- More cuts would add to 2,000 jobs lost since Free's entry
- Union rep: `Savings shouldn't be made at expense of employees'
Investors in Bouygues SA lost 1.63 billion euros ($1.86 billion) in market value on Monday after talks to sell the company’s phone unit to Orange SA ran aground. Workers are worried they’re next.
A sale to Orange, while eliminating Bouygues Telecom, would have included some job-loss protections. Bouygues insisted during the talks that it would protect the interests of its employees as they were parceled out to France’s other telecom players: Orange, Iliad SA’s Free and Numericable-SFR SA. The French state, Orange’s biggest shareholder, also sought to ensure that jobs would be safe.
Now Bouygues Telecom will stay on its own, the company and its workers facing prospects for more of the price wars that have hobbled operators for four years. Bouygues Telecom has eliminated 2,000 positions since 2012, the year Iliad entered the mobile market with discounted offers. Free’s low-prices put pressure on the others to cut follow suit and reduce expenses, a dynamic that will now stay in place.

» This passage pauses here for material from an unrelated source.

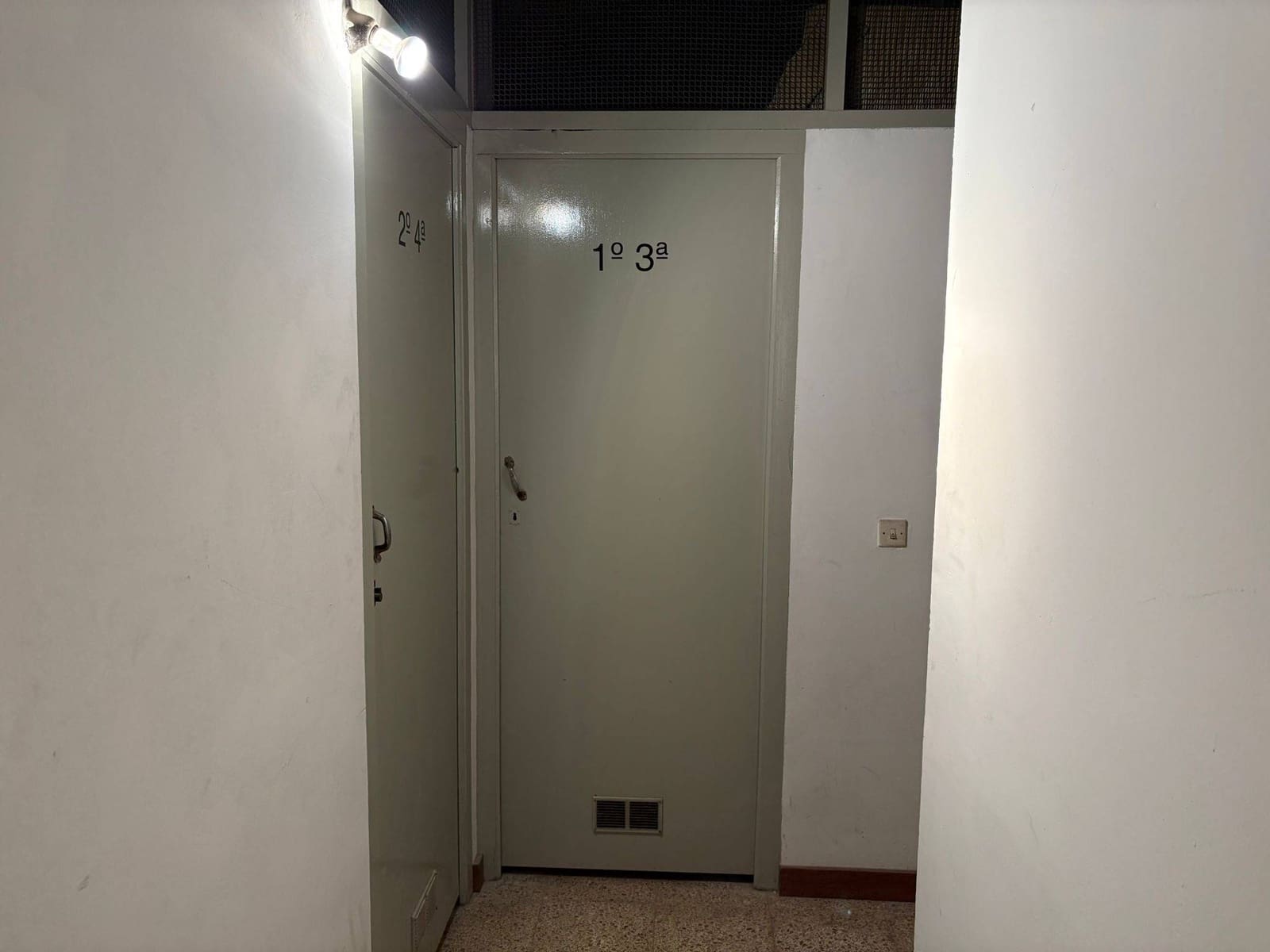 4 bedroom Flat for sale in Martorell with garage - € 275,000 (Ref: 9401258)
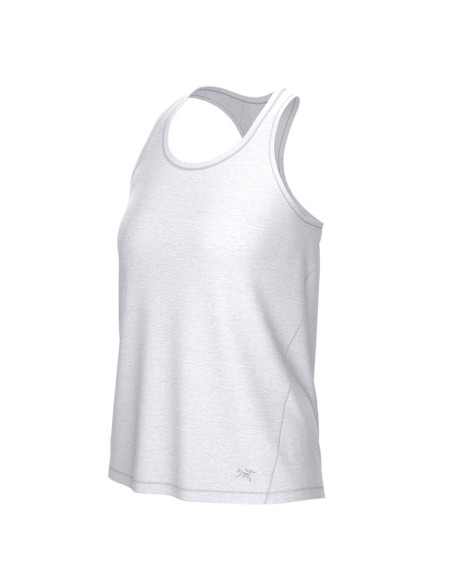 Arc'teryx Taema Tank W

“We expect a reorganization,” said Azzam Ahdab, a representative for the French Democratic Confederation of Labor union at Bouygues Telecom. “Employees expect to be shaken up until Bouygues finds profitability.”
Orange’s effort to buy Bouygues Telecom and split the assets with two of its rivals to avoid antitrust challenges would potentially have eased the price pressures, leaving carriers with more money for hiring or growth projects. Carriers have argued they can’t sustain investment unless competition eases.
“The failure of the negotiations isn’t good news for employment,” said Alexandre Iatrides, an analyst with Oddo Securities. “In the short term, providers will make new discounts, which should drive prices further down.”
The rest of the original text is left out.